12 Nov NYU JILP Symposium: Globalizing Transitional Justice
This post is part of the NYU Journal of International Law and Politics, Vol. 47, No. 4, symposium. Other posts in this series can be found in the related posts below.
I am pleased to join this symposium about Rachel Lopez’ provocative article, The (Re)collection of Memory after Mass Atrocity. The article makes a contribution to contemporary transitional justice scholarship that challenges the normative relationship of transitional justice and human rights.
Professor Lopez, argues for “collective memory” over individual justice, characterizing the the two aims as divergent. She writes, “the preservation of collective memory is in tension with another impulse that follows mass atrocity: the desire for justice.” Here one might say she is leveling a critique at the “human rights-ization” of transitional justice—a critique which I share, as is evident in a recent essay where I argue against an absolutist view of accountability.
Nevertheless, to my mind the dichotomy drawn here between the demands of memory and justice seems too sharp. To some extent, the article hearkens back to an earlier period of transitional justice; the post-Cold War 1990’s when states seemed to be in control of their transitional justice processes and could elevate the needs of the people over abstract universal demands of justice.
But is this view relevant given contemporary developments; such as the globalization of transitional justice. Given the many other actors and institutions which are now involved in these processes I wonder about notion of a goal of arriving at a unified or unifying collective memory of an atrocity or conflict?
Indeed, one can see the emergence of a globalized transitional justice—and this means more actors beyond the state with varying demands, practices and values. Who then owns the process of arriving at “collective memory?” Collective memory raises issues of the politics of transitional justice can see national agreements regarding transition and reconciliation but also the role of courts and diasporic populations. Consider what collective memory may mean to a state undergoing transition, and what to diaspora communities, such as Armenia today or Cuba? Who or what counts for collective memory? For example, one can see national agreements regarding transition and reconciliation but also what the role of courts and diasporic populations has been to challenge these national determinations. Consider Chile’s extradition of Augusto Pinochet: while on the one hand Chile had convened a truth and reconciliation commission, nevertheless these issues were reopened by members of the diaspora who are surely also part of some collective memory?

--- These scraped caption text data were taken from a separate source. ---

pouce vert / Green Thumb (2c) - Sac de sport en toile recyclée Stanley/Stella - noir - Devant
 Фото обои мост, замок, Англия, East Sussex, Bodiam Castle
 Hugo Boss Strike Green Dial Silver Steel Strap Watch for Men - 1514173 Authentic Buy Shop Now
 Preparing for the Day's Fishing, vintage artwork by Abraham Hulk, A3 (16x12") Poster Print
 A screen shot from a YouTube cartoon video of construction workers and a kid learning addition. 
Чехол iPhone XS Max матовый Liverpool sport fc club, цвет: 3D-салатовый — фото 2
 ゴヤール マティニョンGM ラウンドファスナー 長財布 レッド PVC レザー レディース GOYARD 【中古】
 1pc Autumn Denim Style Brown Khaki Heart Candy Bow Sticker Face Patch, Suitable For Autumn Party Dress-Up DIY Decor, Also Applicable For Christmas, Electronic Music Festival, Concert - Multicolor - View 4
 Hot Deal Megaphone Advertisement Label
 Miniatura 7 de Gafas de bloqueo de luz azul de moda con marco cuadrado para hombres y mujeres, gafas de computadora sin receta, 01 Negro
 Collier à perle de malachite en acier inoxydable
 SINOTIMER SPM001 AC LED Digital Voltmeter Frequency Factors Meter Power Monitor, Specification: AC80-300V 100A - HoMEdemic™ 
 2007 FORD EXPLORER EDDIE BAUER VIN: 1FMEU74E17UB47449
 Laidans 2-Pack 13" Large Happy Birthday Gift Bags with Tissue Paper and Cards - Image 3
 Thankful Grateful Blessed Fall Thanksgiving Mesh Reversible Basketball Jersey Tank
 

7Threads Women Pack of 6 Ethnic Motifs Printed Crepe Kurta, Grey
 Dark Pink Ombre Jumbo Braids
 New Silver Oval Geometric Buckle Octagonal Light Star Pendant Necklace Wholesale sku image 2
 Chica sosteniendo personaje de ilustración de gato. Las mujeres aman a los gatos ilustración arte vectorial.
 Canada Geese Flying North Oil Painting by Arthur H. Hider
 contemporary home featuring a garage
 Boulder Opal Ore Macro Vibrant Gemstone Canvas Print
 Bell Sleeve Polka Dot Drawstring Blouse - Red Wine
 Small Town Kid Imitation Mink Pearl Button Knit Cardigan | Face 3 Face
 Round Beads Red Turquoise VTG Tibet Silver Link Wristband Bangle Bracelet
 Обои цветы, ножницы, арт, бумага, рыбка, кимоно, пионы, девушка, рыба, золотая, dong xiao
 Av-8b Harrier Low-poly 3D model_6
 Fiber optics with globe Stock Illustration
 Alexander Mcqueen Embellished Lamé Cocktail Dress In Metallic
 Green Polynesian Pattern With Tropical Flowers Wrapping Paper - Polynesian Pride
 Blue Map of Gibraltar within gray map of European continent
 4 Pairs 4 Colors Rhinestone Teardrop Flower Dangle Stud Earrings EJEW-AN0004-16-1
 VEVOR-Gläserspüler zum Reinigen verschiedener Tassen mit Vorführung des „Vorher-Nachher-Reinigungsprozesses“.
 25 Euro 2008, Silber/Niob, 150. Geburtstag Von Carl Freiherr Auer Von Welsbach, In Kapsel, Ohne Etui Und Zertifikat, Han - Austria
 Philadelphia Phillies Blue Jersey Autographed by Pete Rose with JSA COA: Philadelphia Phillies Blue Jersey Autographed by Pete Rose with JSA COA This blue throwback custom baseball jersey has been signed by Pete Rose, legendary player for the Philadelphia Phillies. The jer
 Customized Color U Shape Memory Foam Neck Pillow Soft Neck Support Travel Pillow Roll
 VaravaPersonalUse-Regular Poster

Moreover on this view, not only is justice not in tension with collective memory but often memory processes are often overseen or even instigated by international institutions such as courts. All of which raises the inevitable question of what is collective memory—whether there is a prefiguring of this or whether there is not an inevitable social political and yes even legal construction? And, if so, then one might raise normative question of to what extent is the cultivation of such memory necessarily a good thing? That is, in a truly liberal society what is the contribution of protecting an official story? Consider that in Argentina as in Germany today there continues to be a socially accepted militancy regarding memorialization, for example, militant democracy approach to protection of the official story.
One can even say this is true throughout the Americas where the Inter-American Court of Human Rights has aimed at a harmonized rights approach to these issues. Not only is justice not in tension with collective memory, but todays collective memory processes are often supervised and even inspired or instigated by international institutions here, including courts. One can see this in the Inter-American setting where the regional human rights court has taken an aggressive view of memory as a right of victims in a fully developed jurisprudence. For example, in Goiburú v. Paraguay, a case involving torture and disappearances, the court ordered collective memory via the convening of a monument and public acts of acknowledgment of past repression and the victimization. But what is the social significance of a coerced collective memory ordered by a regional rights actor? While the pursuit of the official story may well be seen as acceptable in Latin America given continent-wide disappearance policies, to what extent is this collective memory being guarded by the regional court?
Another example is Germany, whose collective memorialization process began in earnest through the nationwide portrayal of the Auschwitz trials. To this day, there is a view that lawyers and legislation, such as hate-speech-denial laws (even criminal), ought to be deployed to protect the country’s official account via Nuremberg and other trails on the collective memory of the Holocaust from which there can be no divergence.
Hence we can see that the relationship of justice and collective memory is complex. In a truly liberal society, militant-democracy approach to memorialization would ultimately give way as the society matures and democracy becomes consolidated. Indeed, with the passage of time, that there will be multiple paths of access to memory, a process of social and political construction.